Not only do grandmothers get an occasional mention in Anglo-Saxon wills, at least one grandmother wrote her own will: Wynflæd, an Anglo-Saxon noblewoman who died around 950 (full text here). This will provides further evidence of grandmothers taking an interest in the well-being of their children’s children.

Like your typical grandmother, Wynflaed spoiled her grandkids rotten: not by stuffing them with food, but by showering them with lands, slaves, and other gifts. Her grandchildren, Eadwold and “hyre syna dehter” [her son’s daughter] Eadgifu, also got to share “hyre taman hors” [her tame horses]. A gift especially intended for her grandson shows Wynflæd’s consideration for his stature and ornamental display: “goldfagan teowenan cuppan þæt he ice his beah mid þam golde” [a gold-adorned wooden cup so that he [Eadwold] may enlarge his armring with the gold].  Likewise, her granddaughter Eadgifu may have had a special place in Wynflæd’s heart, as she bequeathed the girl with the very best of her linen:

“hyre betsþe bedwahrift 7 linnenne ruwan 7 eal þæt bedref þe þærto gebyreð 7 … hyre betstan dunnan tunecan 7 hyre beteran mentel 7 hyre twa treowenan gesplottude cuppan 7 hyre ealdan gewiredan preon is an VI mancussum.”
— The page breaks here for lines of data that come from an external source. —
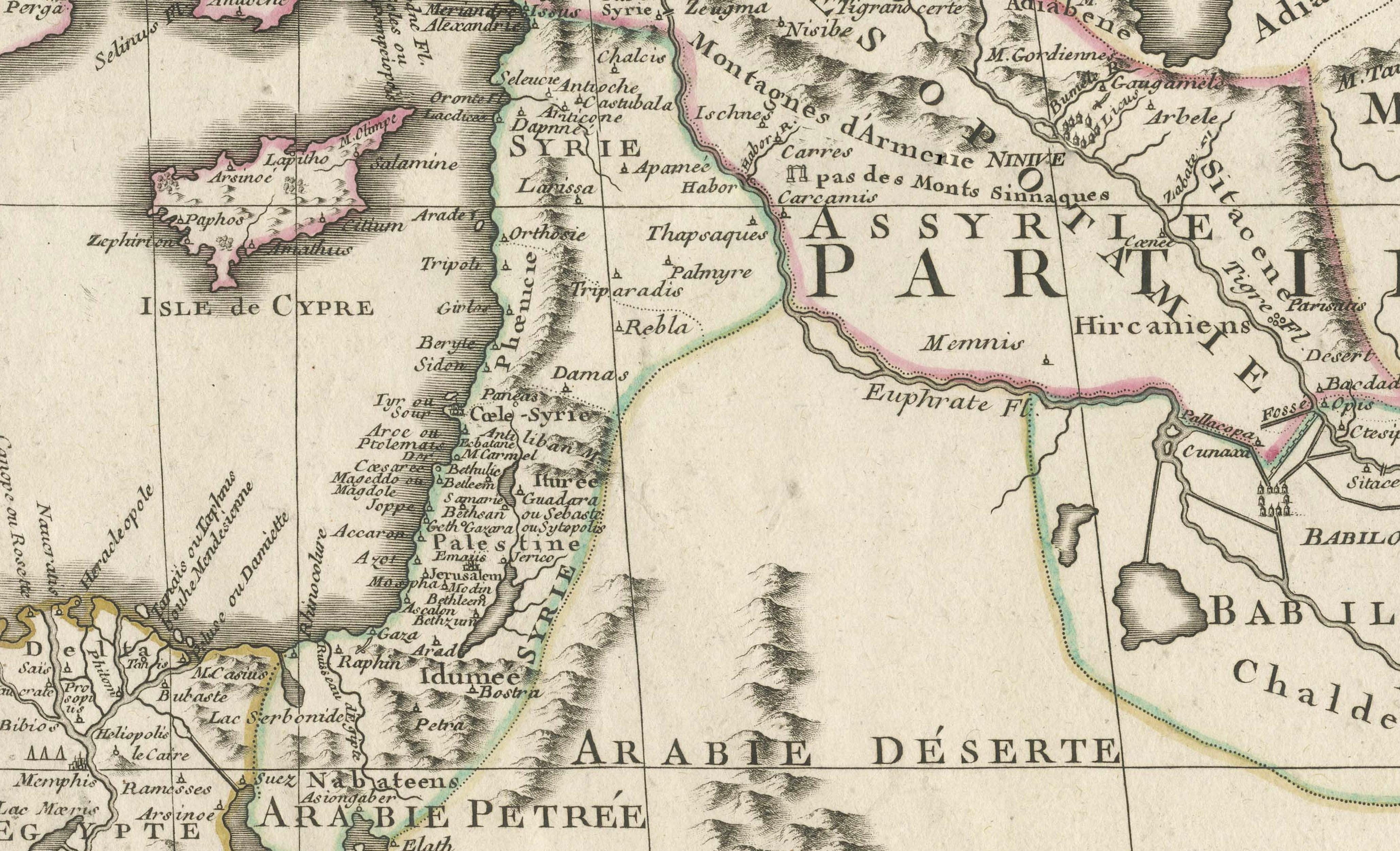 Antique Map Near East & Persia, Ancient Monarchies – Delamarche c.1795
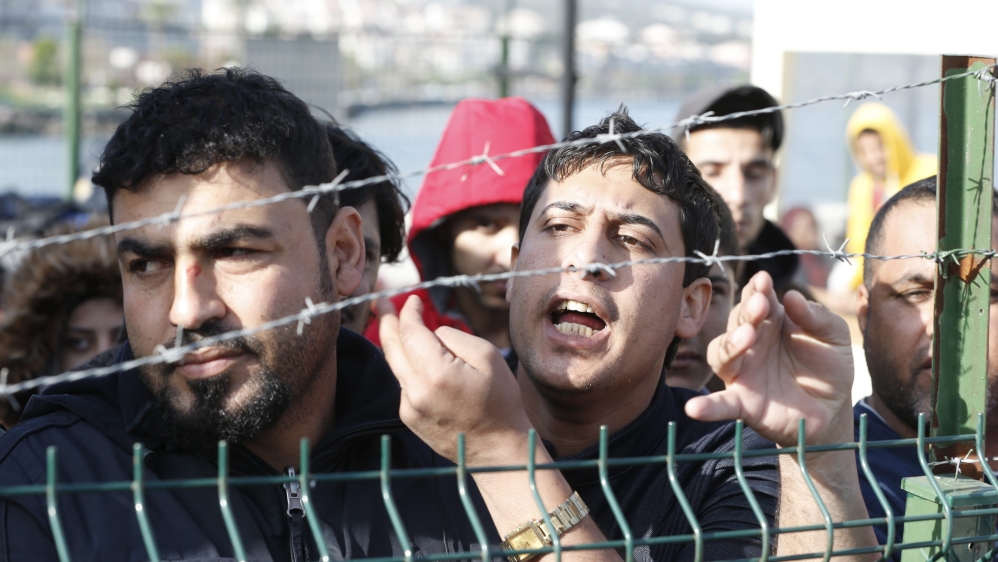 Migrants arrive in Turkey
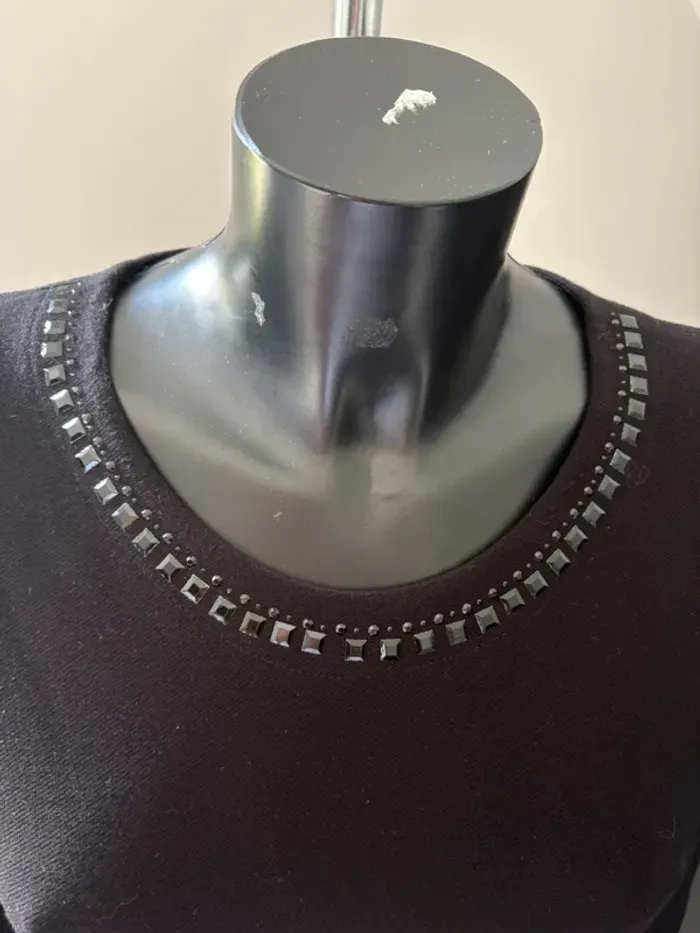 Robe noire détails en strass Gérard Darel 42 - photo numéro 4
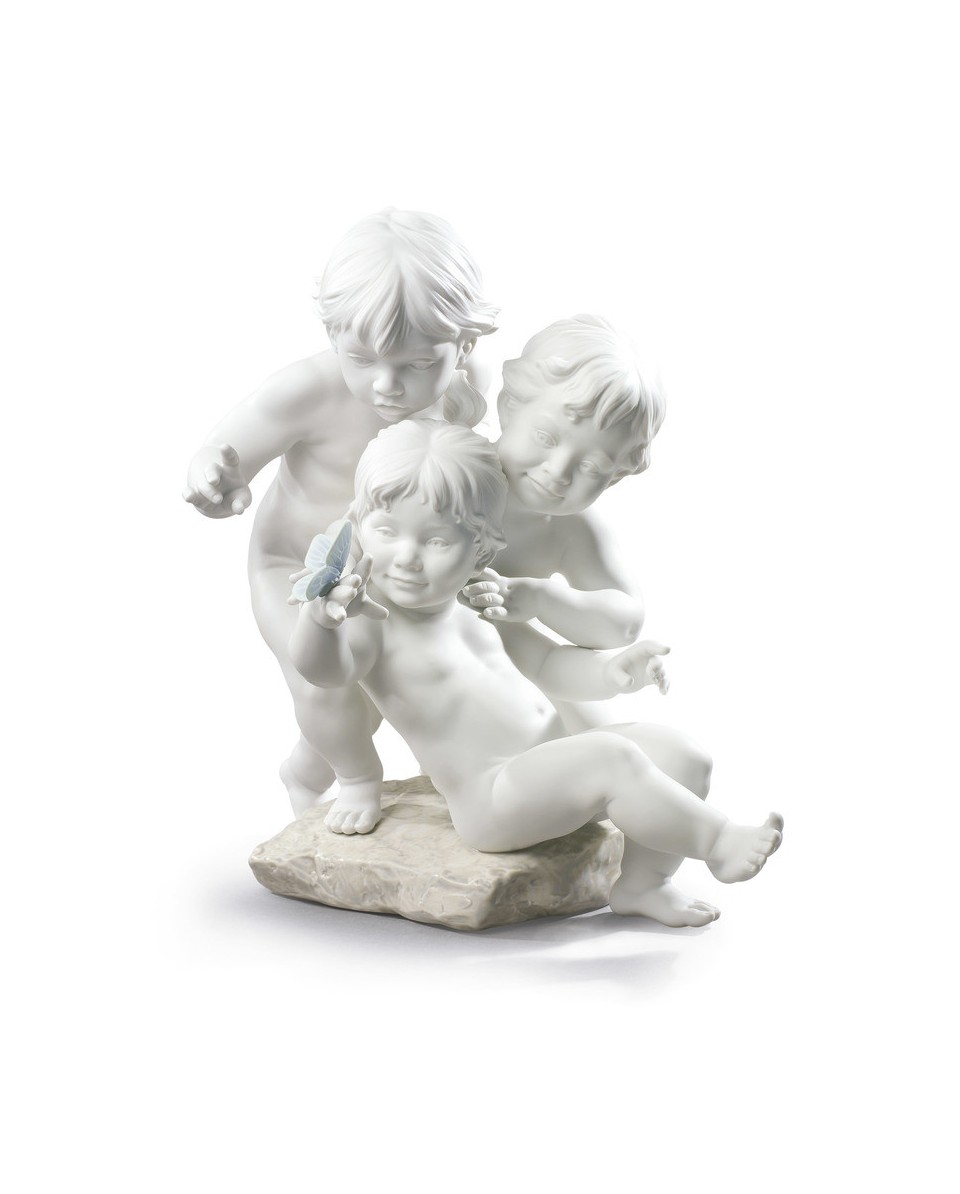 Lladro Porcelain Children's Curiosity Figurine - TicTacArea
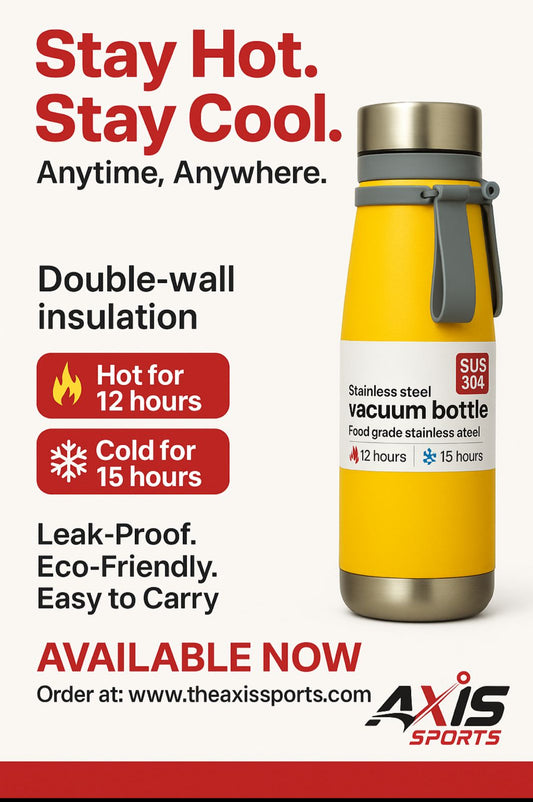 Water bottle Hot and Cold 6065 (yellow)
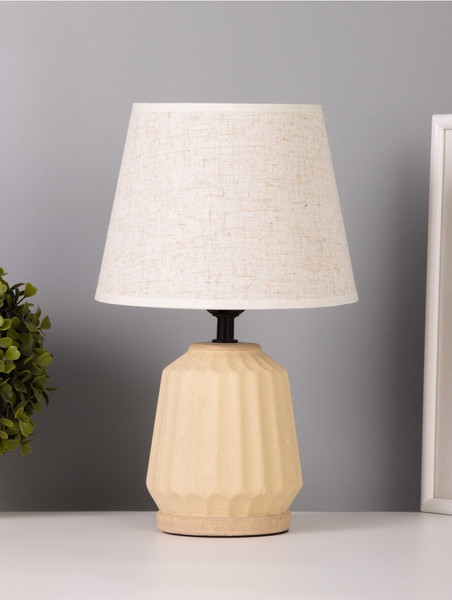 Изображение товара Прикроватная лампа Risalux Грани 10767332 (бежевый)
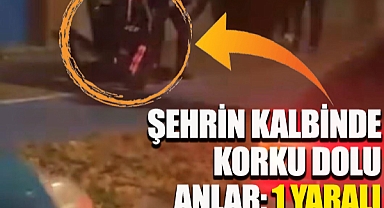 Çark Caddesi'nde Bıçaklı Kavga: 1 Yaralı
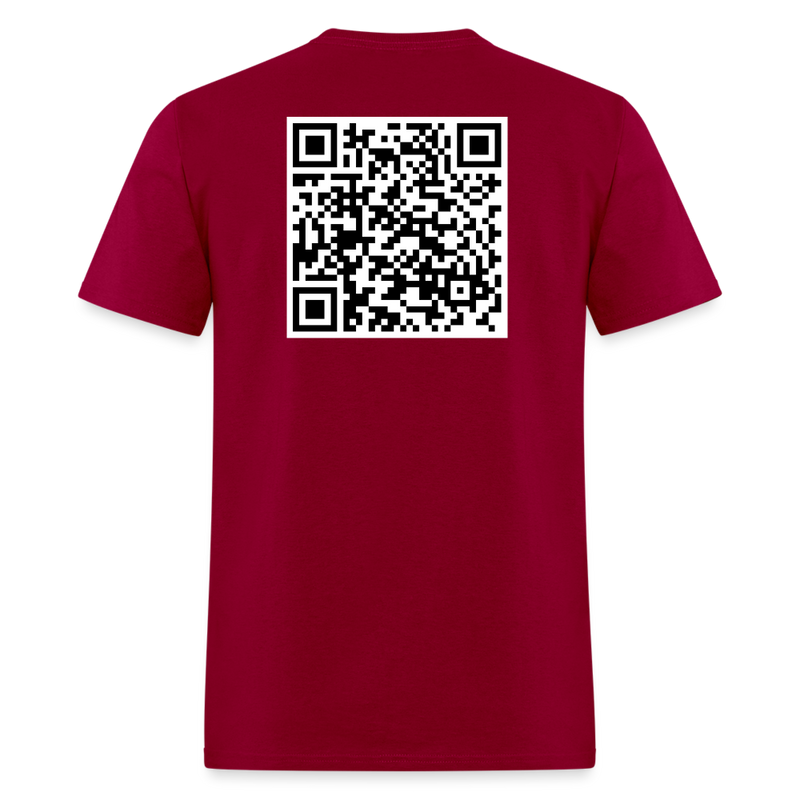 Matthew 6:5-13 Verse QR Code T Shirt - dark red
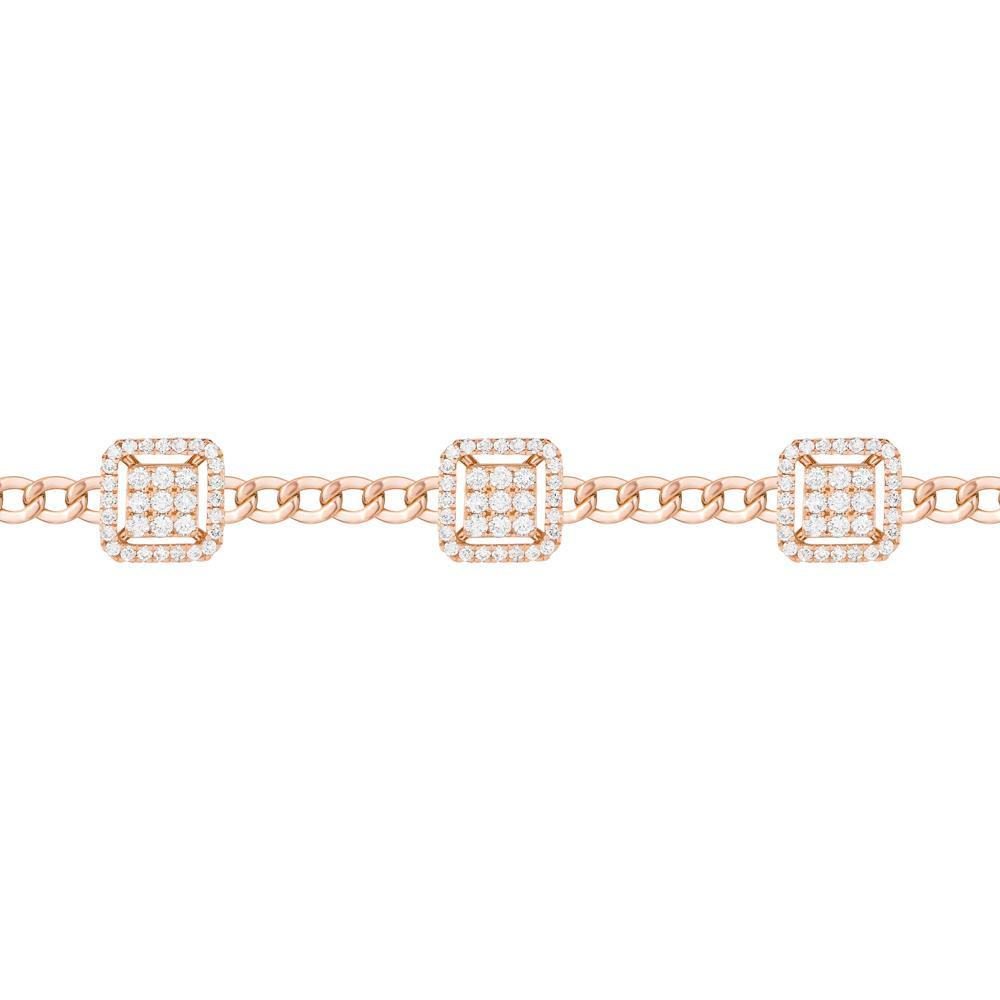 Quwa Three Square Bracelet - Samra Jewellery - Diamond Jewellery - QUWA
[her best bed-curtain and a linen covering and all the bed-clothes which go with it and … her best dun tunic, and her better cloak, and her two wooden  spotted cups , and her old wired brooch which is worth six mancuses.]

It is interesting to note here that, like the goddaughter of Wulfric Spott, Wynflæd’s granddaughter gets her grandmother’s brooch – was this perhaps an Anglo-Saxon  grandmother-to-granddaughter tradition?

Like the Old English gloss ealdemodor mentioned at the start of this post, references to grandmothers are hard to find. These Anglo-Saxon wills , however, show clearly that early  medieval grandmothers had a role to play in the lives of their grandchildren, if only by bestowing them with gifts.